■ **Data for this task**:
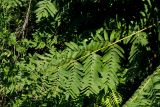Osmunda regalis. Вайя. Греция, о-в Крит, ном Ханья (Νομός Χανίων), дим Платаньяс (Δήμος Πλατανιά), долина Фаса, ≈ 300 м н.у.м., крутой склон у опушки приречного платанового леса. 22 июня 2017 г.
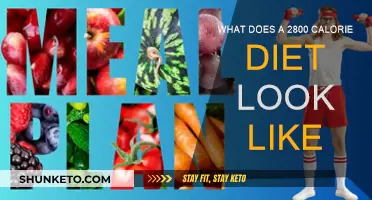 A Day of Eating on a 2800-Calorie Diet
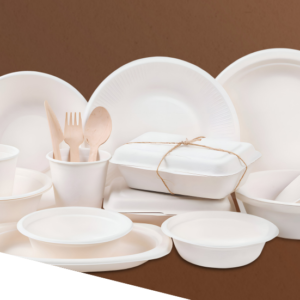 BIODEGRADABLE PRODUCTS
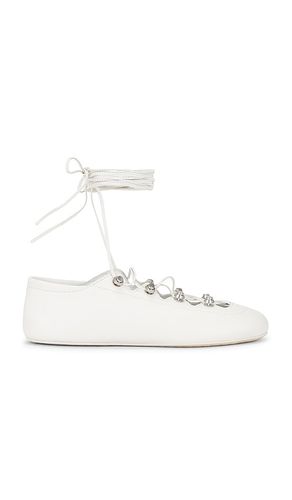 Vyolette Lace Up Flat in . Size 37. Also in 39, 40, 41 - Alexander Wang - Modalova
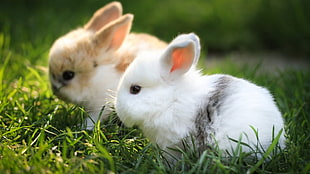 two rabbit on green grass HD wallpaper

■ **Your task**: Set down again, exactly, the lines from the one with "Vyolette Lace Up" to the last line of the data, both included and pictures excluded.

■ **Result**:
 Vyolette Lace Up Flat in . Size 37. Also in 39, 40, 41 - Alexander Wang - Modalova
 two rabbit on green grass HD wallpaper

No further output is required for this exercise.